What comes to mind when thinking about the Black Student Union (BSU)?
Some people probably imagine a club run by students that organizes social events. However, during the late 1960s, the BSU was no ordinary club; it was a persistent force of social change in a time where people could not see beyond the barrier of color. It gave students a voice to implement change.
On April 4, 2016, Erika Thomas, a junior criminal justice major, established the BSU organization at Gannon University and is currently the president.
Thomas said that she had friends in surrounding schools that had an African-American represented club. So, Thomas decided to create a BSU organization.
“I wanted to bring a positive light to African-American culture and bring in other cultures,” Thomas said.
The organization welcomes any student to join, because it is ultimately a union of different religions, cultures and races. Last semester Thomas said that there were 42 people, including faculty, that were part of the BSU.
During this semester the BSU has several events that members are planning. Every month last semester they organized a panel discussion focused on a specific topics. The panel discussions are referred to as the “Face the Facts Series.”
They hope to continue to make these discussions something the Gannon community looks forward to.
Anyone can join the panel if they would like to be a primary speaker and are comfortable answering questions on stage. However, the audience does get a chance to speak because the questions are opened to them as well.
This month’s panel discussion topic is “Healing the Divide.” It will take place at 7:30 p.m. on Jan. 26 in Room 104 of the Zurn Science Center.
Thomas said the BSU decided to create this topic in order to allow students to discuss America’s values: Is it accepting of different religions, races and gender identities?
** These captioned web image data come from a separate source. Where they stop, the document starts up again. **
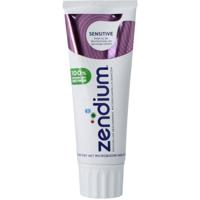 Zendium Tandpasta sensitive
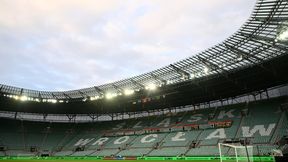 Media: Szykują się wielkie zmiany. Milioner z Monako kupi polski klub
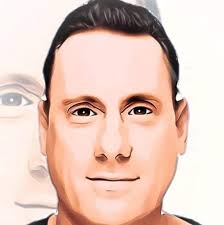 The 10 Most Significant US Aircraft of World War 2  https://dailytopis.com/the-10-most-significant-us-aircraft-of-world-war-2-2/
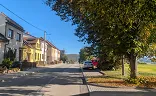 Ostatní
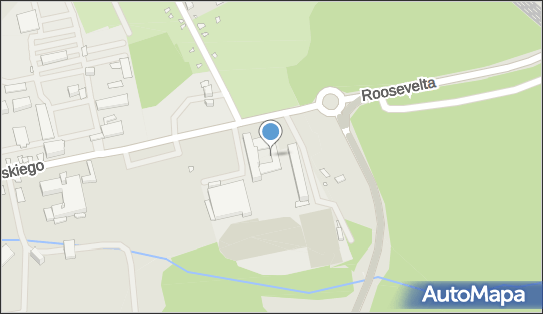273842345, Stowarzyszenie Na Rzecz Ochrony Zdrowia Psychicznego 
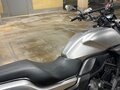 2015 Honda CTX 700, серебристый, 535000 рублей - вид 4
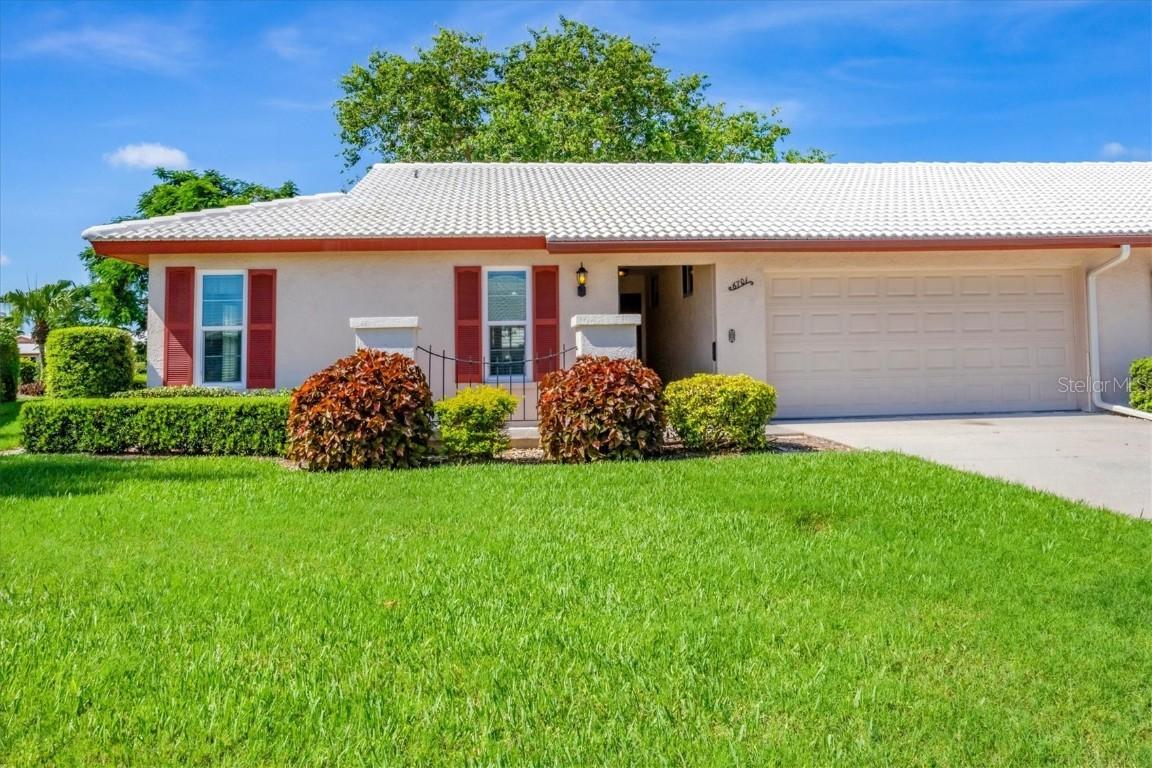 6701 12th Ave., Bradenton, FL 34209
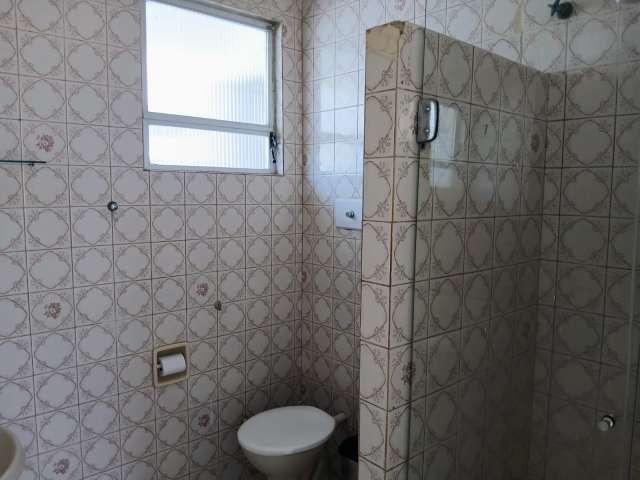 Apartamento com 2 quartos, 68 m² para alugar por R$ 2.400,00 - Ondina - Salvador/BA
If not, how can it grow to become more accepting?
Catherine Wahlenmayer, a freshman math major, was part of the panel last semester when the topic was “Privilege, does it exist?”
Wahlenmayer expressed that she was not sure what to expect at first, but as the discussion progressed, she realized that every single point was heard and every person who wanted to talk had allotted time to do so.
“It’s a union of students that are exploring issues affecting black students,” Wahlenmayer said.
Her experience has allowed her to understand other people’s perspectives and to voice her perspectives to the audience as well.
It is a learning experience, Wahlenmayer explained, and after it was over people came up to her and thanked her for taking part in the panel.
Wahlenmayer said that everyone was friendly and hopes to attend more of the discussions this semester.
“If you’re brave, join the panel,” Wahlenmayer said.
In February the topic for discussion may be “Why we need a Black History Month.” Also, the BSU is planning a Black History Month performance in February that will incorporate spoken word, plays and dances to highlight the African-American culture and history.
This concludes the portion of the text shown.